Até quando os advérbios JÁ e AINDA associados ao casamento?

Seguindo a grande paixão que sempre tive pela língua portuguesa, quer me parecer que a utilização dos advérbios de tempo JÁ e AINDA pressupõe uma realidade que é inevitável, obrigatória ou, pelo menos, devida.  O exemplo mais claro é o da morte.Não existe nada mais inevitável do que a morte e, assim sendo, sabemos que de velho ninguém passa.  É portanto tão natural, seguindo esta ordem de ideias, ouvirmos alguém perguntar "Então, os seus bisavós? AINDA são vivos?" como ouvir como resposta "O meu bisavô JÁ morreu, a minha bisavó é que AINDA é viva". Um diálogo perfeitamente natural, pela ordem natural das coisas, da vida.
Os mesmos advérbios podem também, a meu ver correctamente  ser usados quando ambas as pessoas sabem que uma determinada acção é obrigatória ou devida. Parece-me normal ouvir uma pessoa perguntar a outra "Então, JÁ entregaste a declaração do IRS?"  ou "JÁ pediste desculpa ao Zé?" ... Ambas as perguntas fazem sentido, tal como faz sentido a ambas a resposta "AINDA não". Estamos perante realidades, acções que , não tendo AINDA acontecido se pressupõe que há uma obrigação de acontecerem num futuro mais ou menos próximo.
Assim sendo, vamos então ao que interessa para o momento: quem não ouviu ainda o seguinte diálogo?
"Olá, D. Maria! Há tantos anos que não a via! Como vai a família? Os seus filhos JÁ são casados?" Resposta da D. Maria "O Zé JÁ casou, mas o Manel AINDA é solteiro... " em contra resposta, como para amenizar um pouco o facto negativo, a primeira pessoa diz "Deixe lá, o meu também AINDA NÃO casou..."
Ora, tal como vimos anteriormente, os advérbios JÁ e AINDA pressupõem , deixam subentender, uma realidade inevitável, obrigatória, ou, pelo menos, devida.
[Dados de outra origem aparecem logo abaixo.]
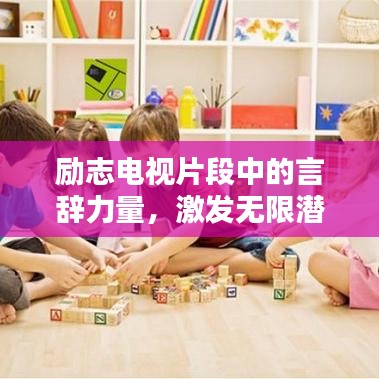 励志电视片段中的言辞力量，激发无限潜能的励志语录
Assim sendo, por esta conversa , que ouço desde criança e , por estanho que me pareça , continuo a ouvir nos dias de hoje, o casamento é algo que a pessoa deve fazer. Algo inevitável, obrigatório ou devido. Algo que quem AINDA NÃO fez, deverá vir a fazer no futuro. Não faço a mínima ideia a quem os cidadãos devem tal acção, mas , pela mentalidade expressa pela Língua Portuguesa, é algo devido. Talvez um dever cívico, tal como votar.
Incomoda-me um bocado esta mentalidade enraizada, tendo em conta que sempre conheci pessoas solteiras de todas as idades que me parecia terem uma vida normalíssima. Pessoas que viviam em sociedade, trabalhavam, conviviam. Quer as pessoas queiram, quer não, nem todas as pessoas têm vocação para o casamento, para viver ao lado de outra pessoa em ambiente de casal.

Que a sociedade nos empurra tradicionalmente para o casamento já é dado adquirido.... Que continuemos a insistir nessa tradição é que já me parece inadmissível.